Given data Block Start
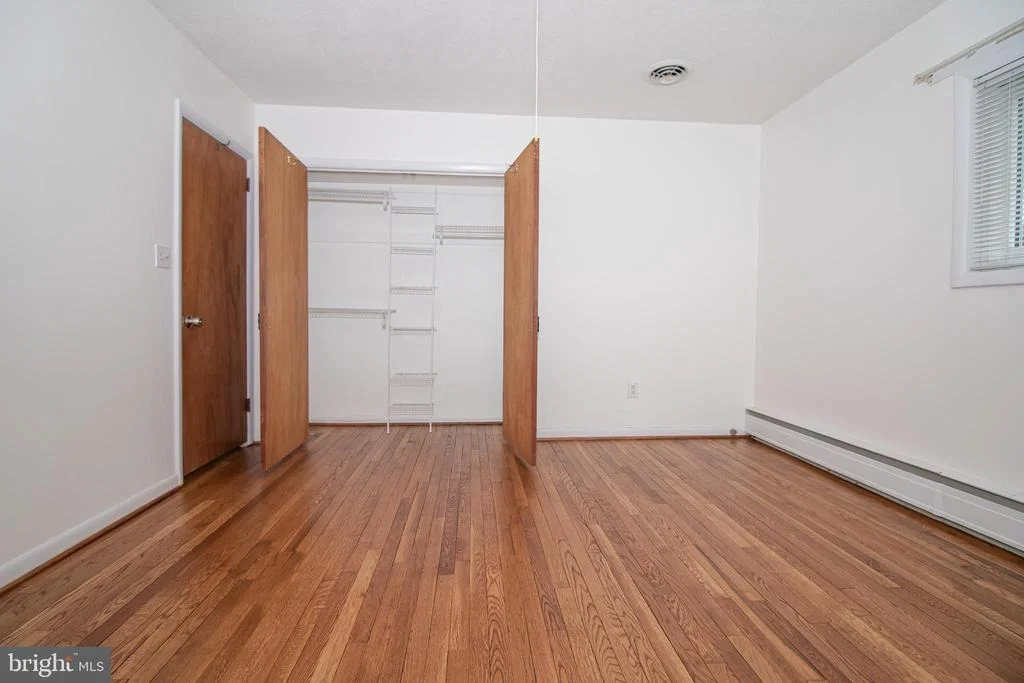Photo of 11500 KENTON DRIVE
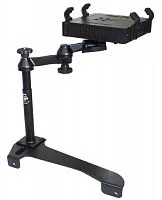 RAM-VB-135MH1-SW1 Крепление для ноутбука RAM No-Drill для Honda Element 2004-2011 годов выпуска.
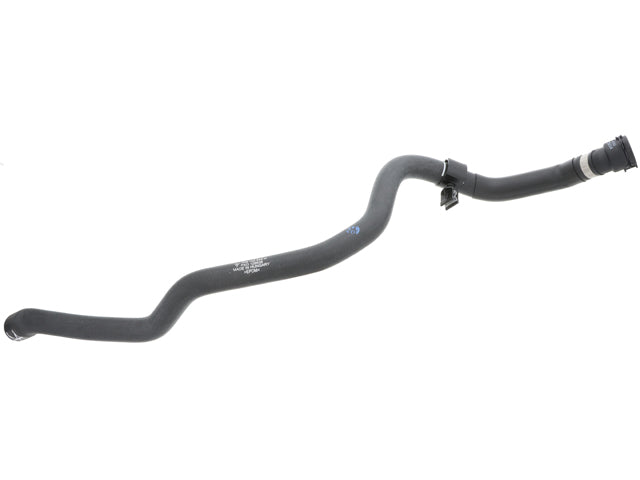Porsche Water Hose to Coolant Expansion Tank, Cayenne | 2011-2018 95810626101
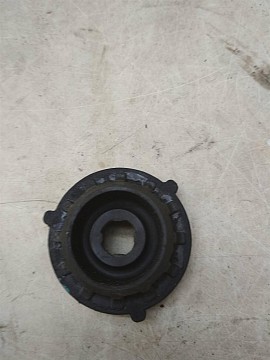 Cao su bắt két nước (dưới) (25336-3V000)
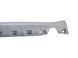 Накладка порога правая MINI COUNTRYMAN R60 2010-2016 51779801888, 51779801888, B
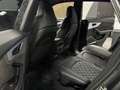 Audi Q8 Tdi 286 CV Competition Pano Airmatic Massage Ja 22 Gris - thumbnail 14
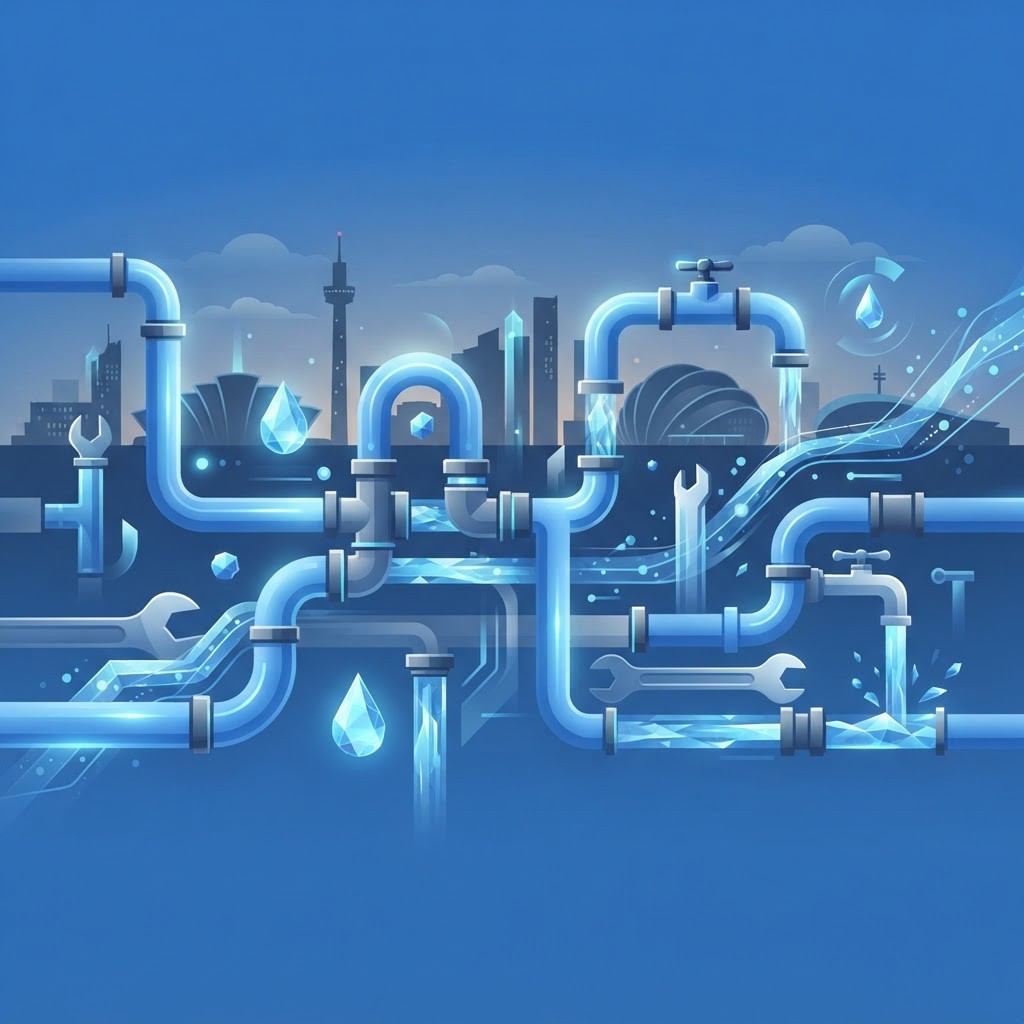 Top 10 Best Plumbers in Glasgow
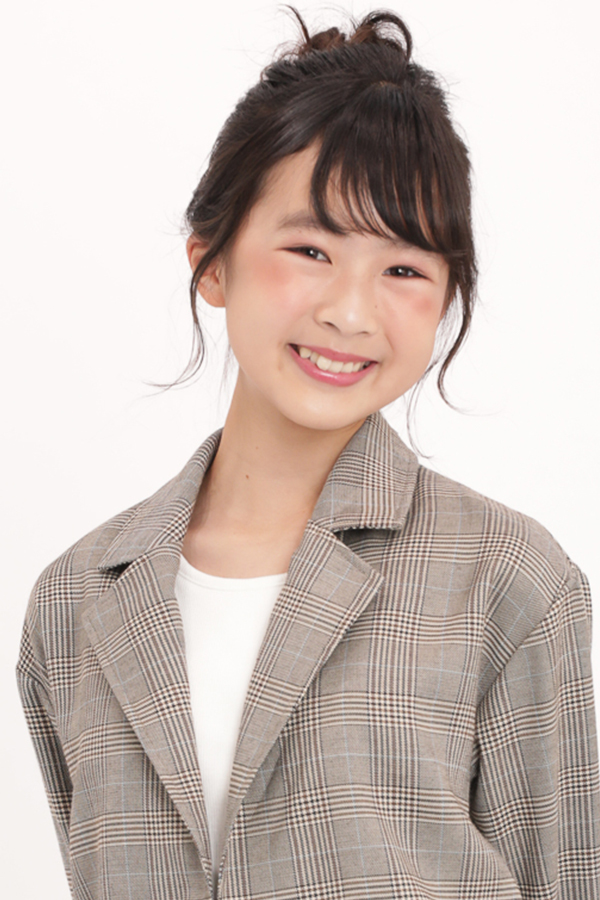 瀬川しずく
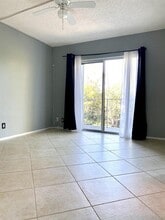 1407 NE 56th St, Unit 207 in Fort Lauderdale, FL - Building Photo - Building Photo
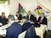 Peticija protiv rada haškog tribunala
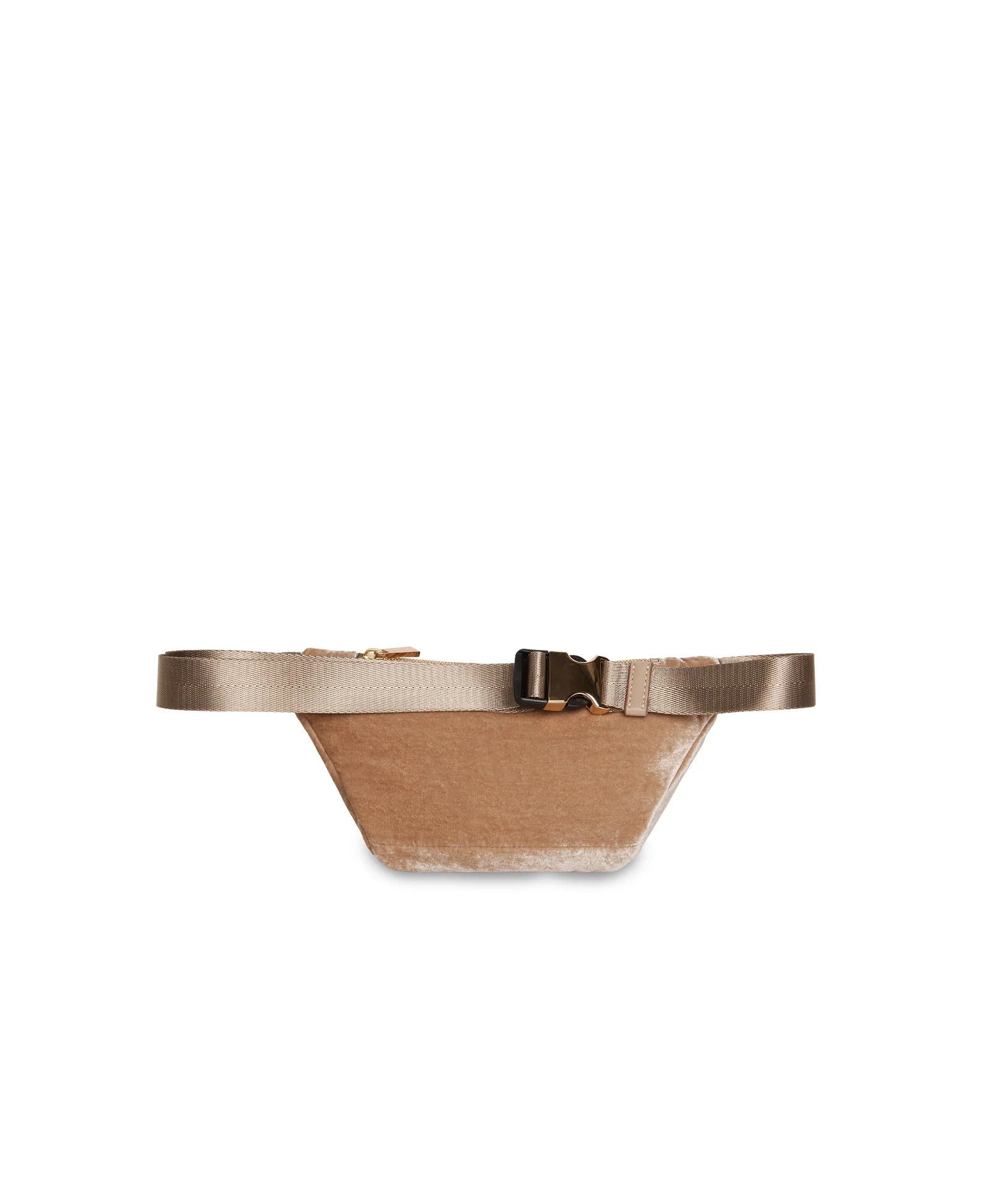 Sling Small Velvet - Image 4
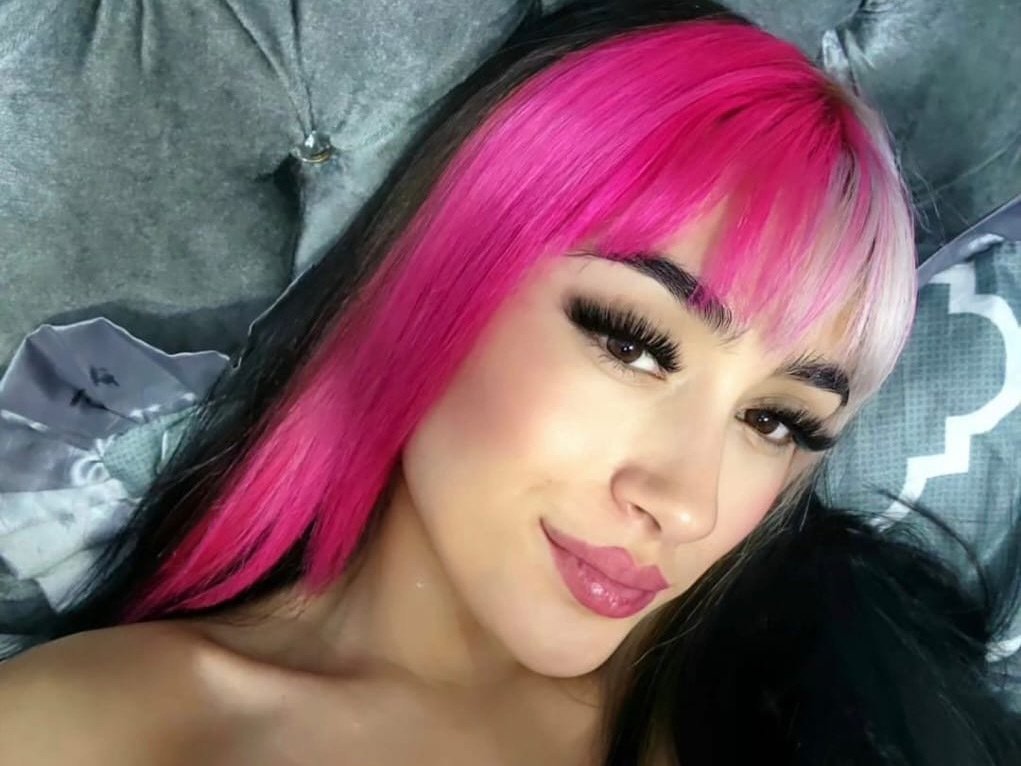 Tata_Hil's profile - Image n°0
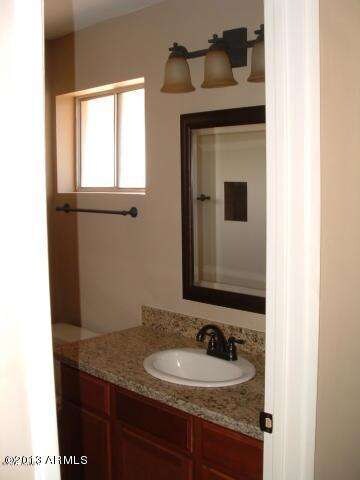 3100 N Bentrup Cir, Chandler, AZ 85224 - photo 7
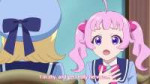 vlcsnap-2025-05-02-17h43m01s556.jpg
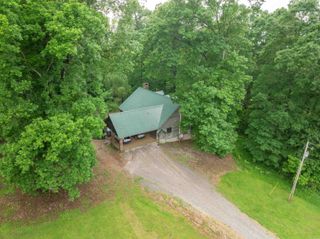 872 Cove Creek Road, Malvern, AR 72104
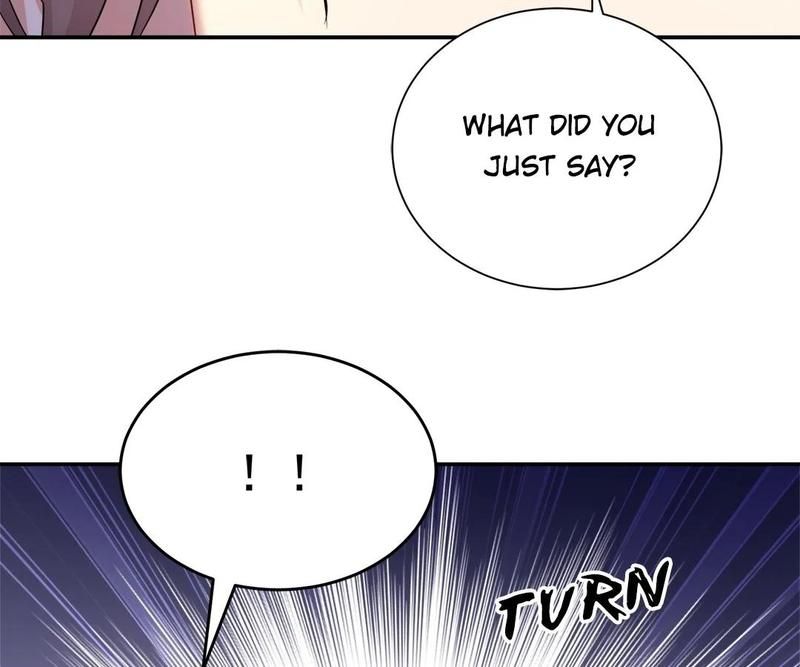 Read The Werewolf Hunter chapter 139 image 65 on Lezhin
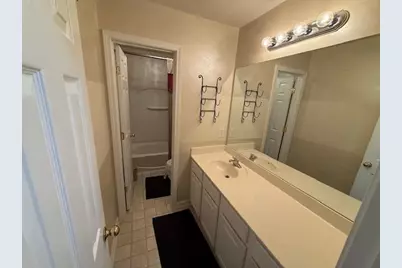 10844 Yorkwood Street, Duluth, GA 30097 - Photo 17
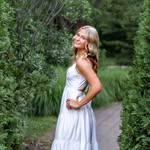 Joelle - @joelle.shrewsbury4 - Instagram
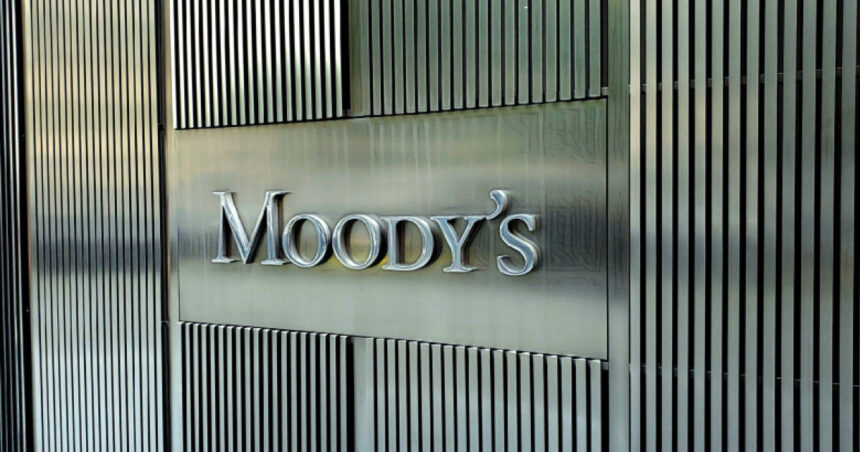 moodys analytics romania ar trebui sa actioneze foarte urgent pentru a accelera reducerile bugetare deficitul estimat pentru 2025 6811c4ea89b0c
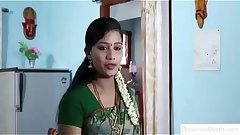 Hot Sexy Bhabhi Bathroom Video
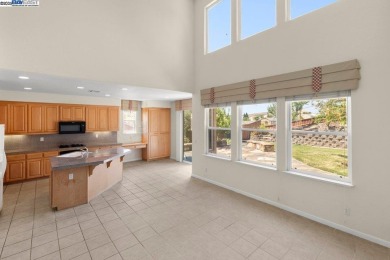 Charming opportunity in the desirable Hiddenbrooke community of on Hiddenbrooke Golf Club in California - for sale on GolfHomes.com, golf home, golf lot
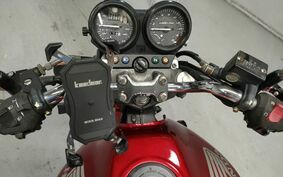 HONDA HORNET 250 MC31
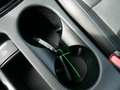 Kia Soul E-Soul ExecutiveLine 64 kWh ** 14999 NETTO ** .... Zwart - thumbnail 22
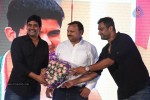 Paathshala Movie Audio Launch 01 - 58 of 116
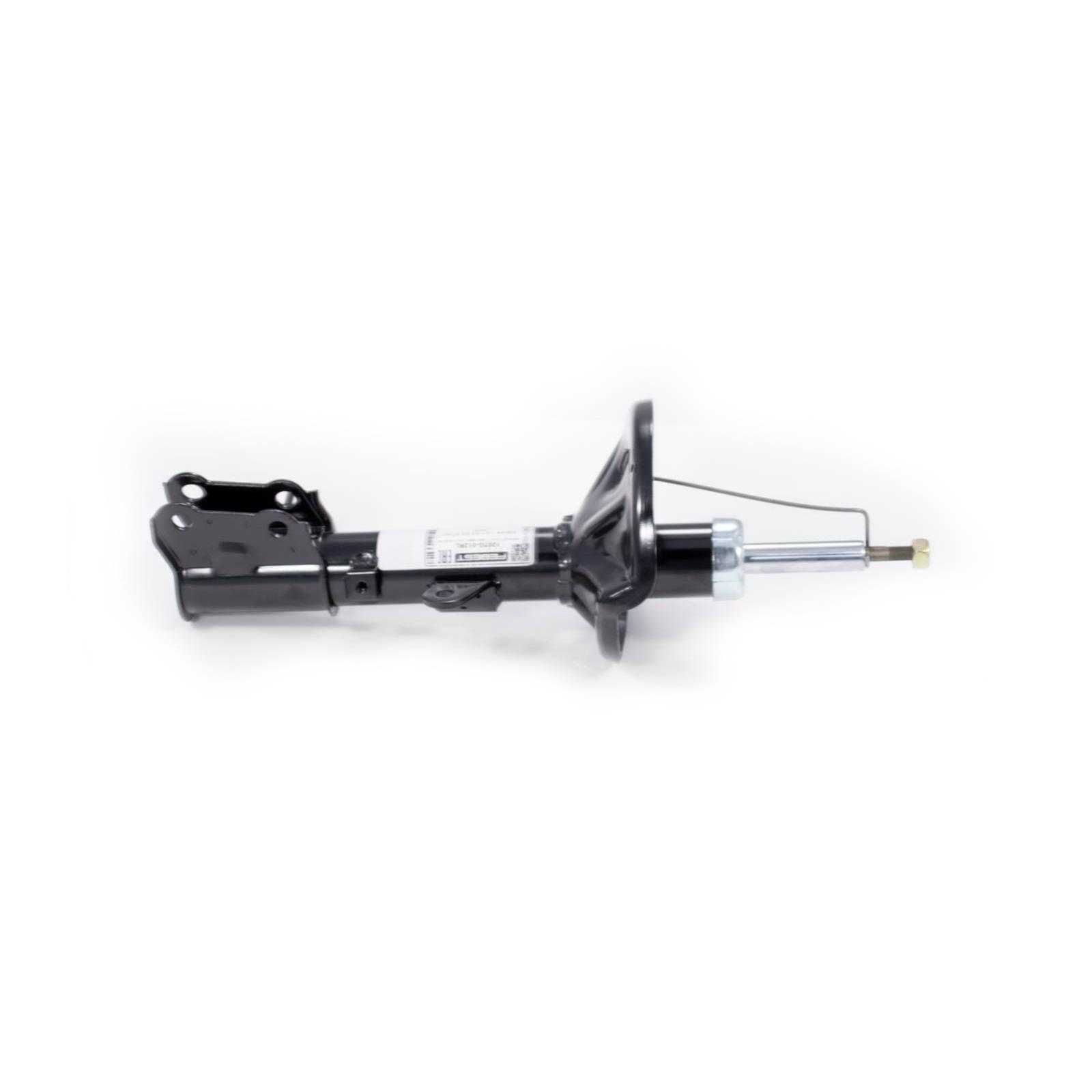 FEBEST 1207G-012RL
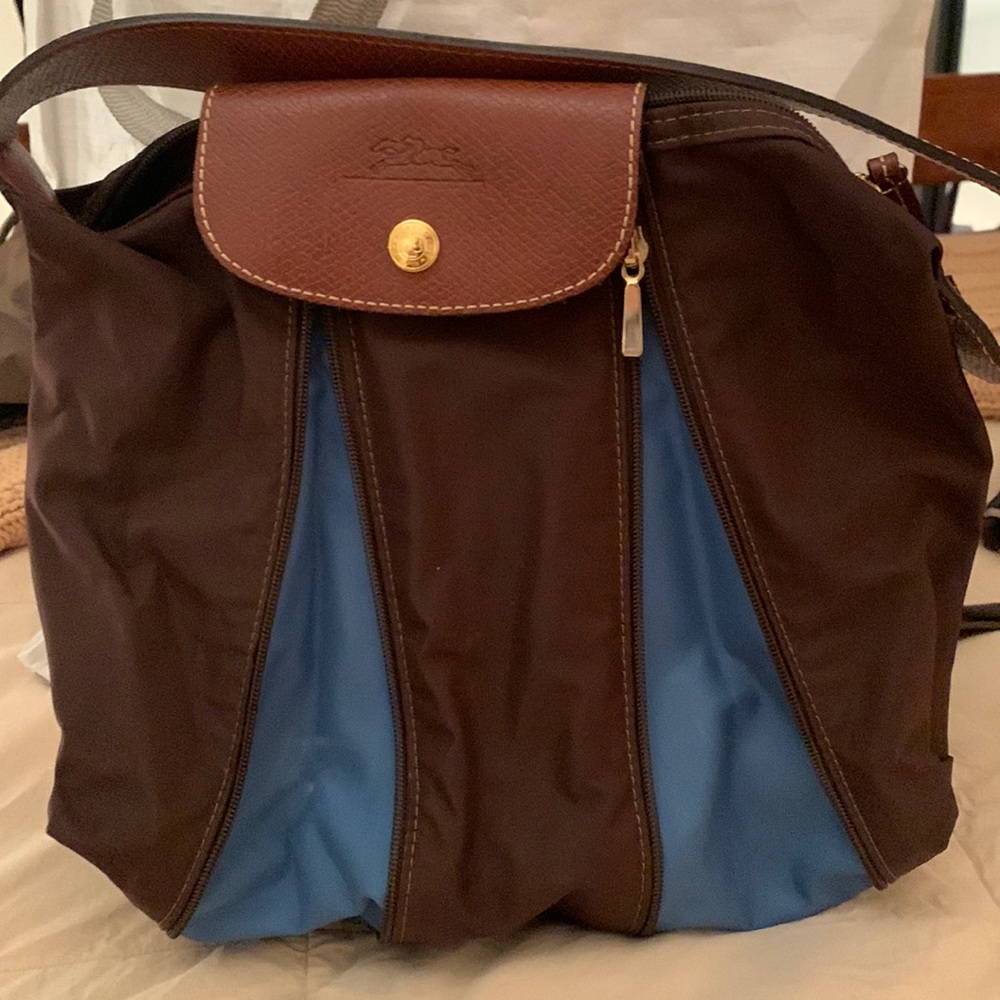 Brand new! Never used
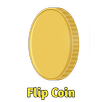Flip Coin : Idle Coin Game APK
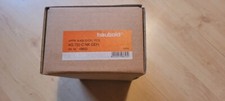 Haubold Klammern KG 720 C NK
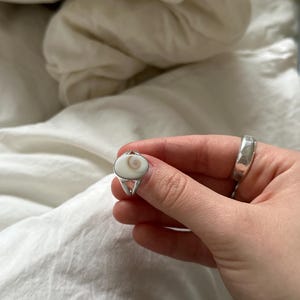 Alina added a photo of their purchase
Given data Block End
*Directions for this task*
Could you restate the entries word for word, skipping any pictures?

*Solution to this exercise*
Photo of 11500 KENTON DRIVE
 RAM-VB-135MH1-SW1 Крепление для ноутбука RAM No-Drill для Honda Element 2004-2011 годов выпуска.
Porsche Water Hose to Coolant Expansion Tank, Cayenne | 2011-2018 95810626101
 Cao su bắt két nước (dưới) (25336-3V000)
 Накладка порога правая MINI COUNTRYMAN R60 2010-2016 51779801888, 51779801888, B
 Audi Q8 Tdi 286 CV Competition Pano Airmatic Massage Ja 22 Gris - thumbnail 14
 Top 10 Best Plumbers in Glasgow
 瀬川しずく
 1407 NE 56th St, Unit 207 in Fort Lauderdale, FL - Building Photo - Building Photo
 Peticija protiv rada haškog tribunala
 Sling Small Velvet - Image 4
 Tata_Hil's profile - Image n°0
 3100 N Bentrup Cir, Chandler, AZ 85224 - photo 7
 vlcsnap-2025-05-02-17h43m01s556.jpg
 872 Cove Creek Road, Malvern, AR 72104
 Read The Werewolf Hunter chapter 139 image 65 on Lezhin
 10844 Yorkwood Street, Duluth, GA 30097 - Photo 17
 Joelle - @joelle.shrewsbury4 - Instagram
 moodys analytics romania ar trebui sa actioneze foarte urgent pentru a accelera reducerile bugetare deficitul estimat pentru 2025 6811c4ea89b0c
 Hot Sexy Bhabhi Bathroom Video
 Charming opportunity in the desirable Hiddenbrooke community of on Hiddenbrooke Golf Club in California - for sale on GolfHomes.com, golf home, golf lot
 HONDA HORNET 250 MC31
 Kia Soul E-Soul ExecutiveLine 64 kWh ** 14999 NETTO ** .... Zwart - thumbnail 22
 Paathshala Movie Audio Launch 01 - 58 of 116
 FEBEST 1207G-012RL
 Brand new! Never used
Flip Coin : Idle Coin Game APK
 Haubold Klammern KG 720 C NK
 Alina added a photo of their purchase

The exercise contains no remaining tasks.